Always and Forever, Lara Jean
- Author: Jenny Han
- Language: English
- Genre: Fiction
- Publisher: Simon & Schuster
- Publication date: May 2, 2017
- Publication place: United States
- Media type: Print (hardback, paperback)
- Pages: 336
- ISBN: 978-1-4814-3048-7
- Preceded by: P.S. I Still Love You

= Always and Forever, Lara Jean =

2017 novel by Jenny Han

Always and Forever, Lara Jean is a 2017 novel by American author Jenny Han, first published by Simon & Schuster and released on May 2, 2017. It is the third and final installment of the To All the Boys I've Loved Before trilogy, following To All the Boys I've Loved Before, released on April 15, 2014, and P.S. I Still Love You, released on May 26, 2015.

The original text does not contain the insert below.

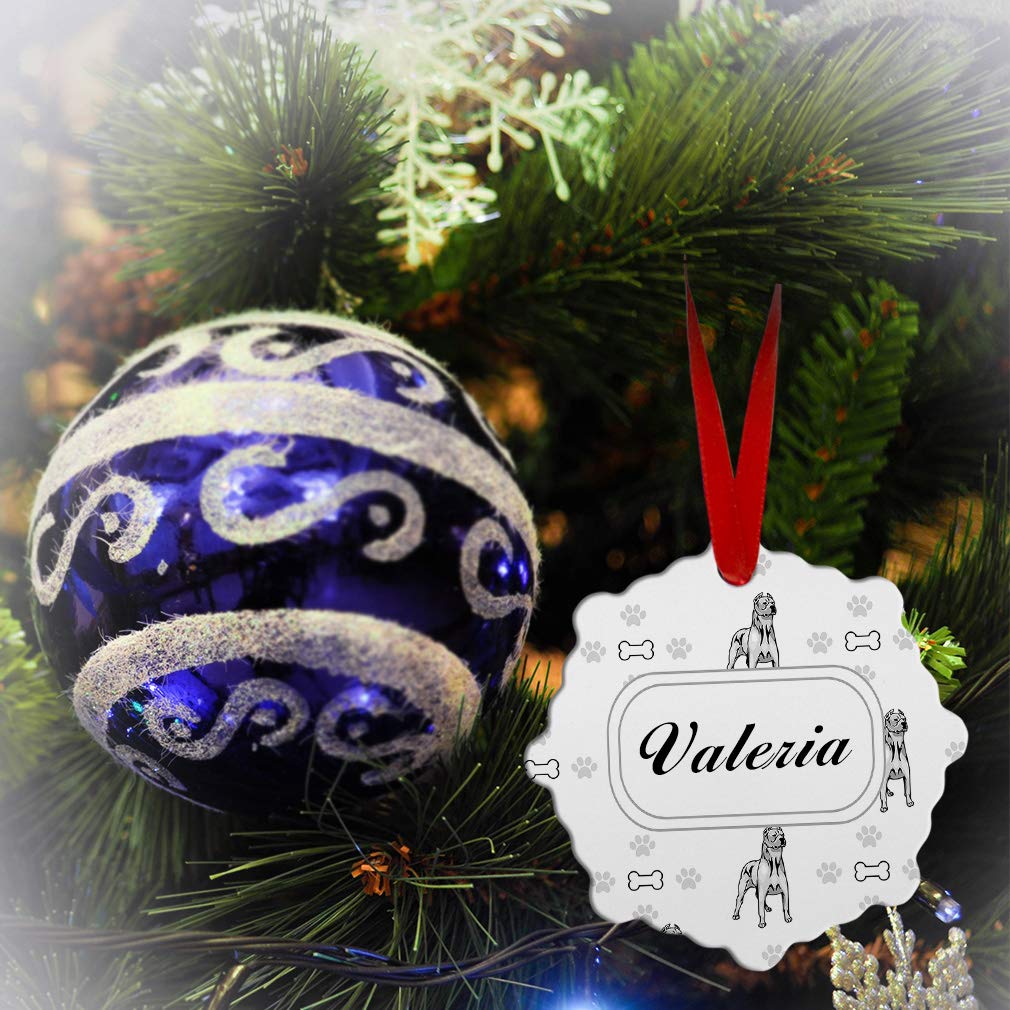 Dogo Argentino Dog Bones Paws Pattern Aluminum Christmas Ornament - Personalized Holiday Tree Decoration with Benelux Landscape Shape | Perfect for Xmas Decor, Pet Lover Gifts & Festive Home Decorating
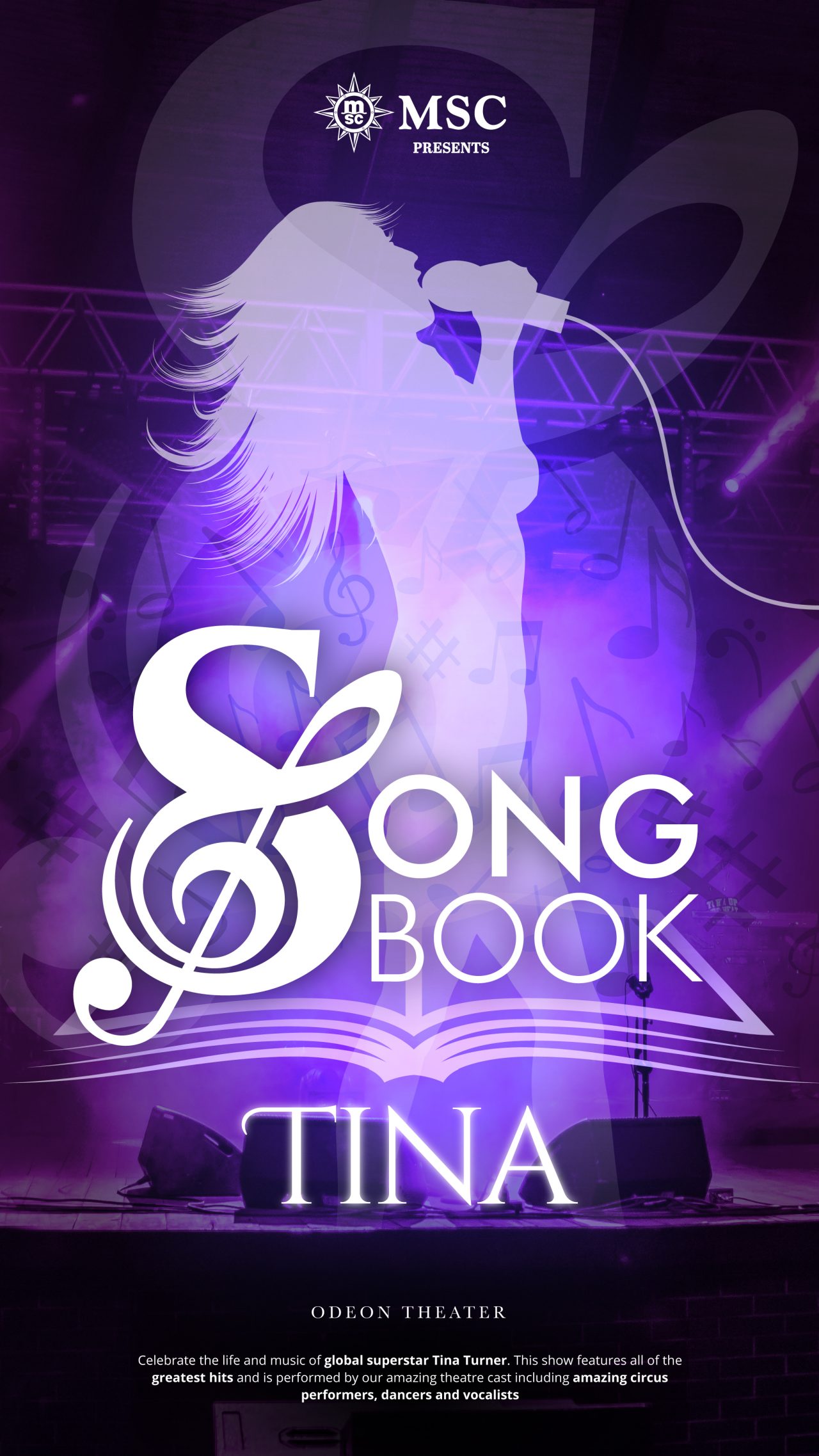 Poster featuring an artistic silhouette and Song Book Tina text on a purple background | MSC Cruises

A film adaptation of the book titled To All the Boys: Always and Forever was released on Netflix on February 12, 2021. It is a direct sequel to the film adaptation of the second book P.S. I Still Love You.

==Plot==
Now in her final year of high school, Lara Jean Song Covey is excitedly looking forward to attending school with her boyfriend, Peter Kavinsky, at the University of Virginia (UVA). Peter has been accepted early on a sports scholarship for lacrosse. When acceptance letters come in, Lara Jean learns she has been rejected. After being waitlisted to the University of North Carolina at Chapel Hill (UNC), Lara Jean decides to go with William and Mary with the plan of transferring to UVA after freshman year.

Meanwhile, Lara Jean's father continues to date their neighbor, Trina Rothschild. When Margot returns home from university in Scotland with her new boyfriend, Ravi, Lara Jean's father asks all of his daughters for their blessing to wed Trina. The sisters all agree, though Margot, who has not seen the progression of her father's relationship with Trina, is less excited and accepting than her sisters and thinks it won't work.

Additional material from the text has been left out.